Yoğun iş yaşamı, yüksek derecede oyundu şuydu buydu derken yazamadım, en yakın zamanda telafi edeyim dedim. Evimin önüne toplanan ve her akşam “Yaz yaz” diyen onlarca bayandan da bıkmıştım. İşleri yoluna koymalıydım… Böylece uzun zamandır pek de bayılmadan izlediğim “Tokyo Ghoul” ile ilgili yazayım dedim. Fena da etmedim diye düşünüyorum.
Dikkat: Hemen aşağıda Tokyo Ghoul adlı animenin konusunu, azcık özetini, hafiften de spoiler içeren yorumlarını bulacaksınız. Bu noktadan sonra ileri gitmeniz durumunda herhangi bir sorumluluk kabul edilmez. Lütfen kendinizi riske attığınızı unutmayınız.
Öncelikle animeden biraz bahsedeyim; Tokyo Ghoul, her sezonu 12 bölümden oluşan ve ghoul-insan ilişkilerini anlatan gore bir anime. Hala devam etmekte olan Tokyo Ghoul, nasıl desem, bir tülü beni kendisine bağlayamadı. Öncelikle şu 9. bölüme kadar inanılmayacak, “Aman yearappi” dedirtecek çok bir şey takılmadı gözüme.
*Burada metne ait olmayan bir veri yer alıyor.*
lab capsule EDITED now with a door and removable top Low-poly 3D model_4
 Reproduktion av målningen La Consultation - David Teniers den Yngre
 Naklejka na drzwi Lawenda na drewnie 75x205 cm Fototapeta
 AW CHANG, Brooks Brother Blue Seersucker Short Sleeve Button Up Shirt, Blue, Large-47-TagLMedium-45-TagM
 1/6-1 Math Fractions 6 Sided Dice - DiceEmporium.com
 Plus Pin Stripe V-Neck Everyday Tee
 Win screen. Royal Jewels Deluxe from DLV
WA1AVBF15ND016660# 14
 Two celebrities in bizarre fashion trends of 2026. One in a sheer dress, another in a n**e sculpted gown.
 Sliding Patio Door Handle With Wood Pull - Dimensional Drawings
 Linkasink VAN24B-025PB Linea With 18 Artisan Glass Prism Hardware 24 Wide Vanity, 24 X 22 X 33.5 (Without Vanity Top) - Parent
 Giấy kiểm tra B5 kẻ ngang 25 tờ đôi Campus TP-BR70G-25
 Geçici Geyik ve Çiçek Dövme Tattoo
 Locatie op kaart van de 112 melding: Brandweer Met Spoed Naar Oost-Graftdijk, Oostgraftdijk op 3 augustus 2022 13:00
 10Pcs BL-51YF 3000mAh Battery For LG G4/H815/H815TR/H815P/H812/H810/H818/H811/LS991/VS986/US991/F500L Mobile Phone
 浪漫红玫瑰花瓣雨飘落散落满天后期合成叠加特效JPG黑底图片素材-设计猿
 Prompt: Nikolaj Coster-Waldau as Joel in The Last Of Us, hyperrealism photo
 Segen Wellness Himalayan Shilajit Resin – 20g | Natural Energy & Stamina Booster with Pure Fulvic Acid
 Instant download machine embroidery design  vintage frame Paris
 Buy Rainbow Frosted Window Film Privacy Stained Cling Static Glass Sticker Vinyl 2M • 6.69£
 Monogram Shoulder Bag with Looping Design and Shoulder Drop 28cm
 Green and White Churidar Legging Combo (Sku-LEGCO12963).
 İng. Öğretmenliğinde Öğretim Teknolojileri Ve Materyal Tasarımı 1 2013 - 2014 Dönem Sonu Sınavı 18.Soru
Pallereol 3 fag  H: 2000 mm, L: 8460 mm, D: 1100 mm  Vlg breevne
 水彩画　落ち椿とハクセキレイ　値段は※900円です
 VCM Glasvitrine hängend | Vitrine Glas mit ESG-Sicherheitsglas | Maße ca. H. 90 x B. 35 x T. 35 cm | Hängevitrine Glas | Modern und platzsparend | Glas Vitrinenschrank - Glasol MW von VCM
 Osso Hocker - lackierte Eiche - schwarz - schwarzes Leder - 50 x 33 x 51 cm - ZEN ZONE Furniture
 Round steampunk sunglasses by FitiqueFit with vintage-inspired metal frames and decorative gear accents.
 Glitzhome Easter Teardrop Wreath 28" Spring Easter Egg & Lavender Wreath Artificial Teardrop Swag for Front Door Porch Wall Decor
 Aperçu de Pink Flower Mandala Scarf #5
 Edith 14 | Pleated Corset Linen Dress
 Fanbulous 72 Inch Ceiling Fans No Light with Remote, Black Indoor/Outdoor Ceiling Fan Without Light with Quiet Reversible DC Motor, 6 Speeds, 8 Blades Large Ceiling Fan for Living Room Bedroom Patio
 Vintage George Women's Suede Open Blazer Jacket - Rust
Hikayenin hem insanlar tarafından hem de ghoul’lar tarafından gösterilmesi, belki de animenin tek artısıydı. Ghoul’lar da insanlar gibi hissedebilen, düşünebilen, hatta bir çoğu insanların arasına karışabilen tipler olduğu için, öldürüldüklerinde ortaya farklı bir insanı problem çıkıyordu. Sonuçta beyinsiz bir zombiyi vurmak var, bir çocuğun (ghoul da olsa) ailesini katletmek var.
Ben böyle atıp tutarken işler biraz değişmeye başladı. 2. Sezon geldi.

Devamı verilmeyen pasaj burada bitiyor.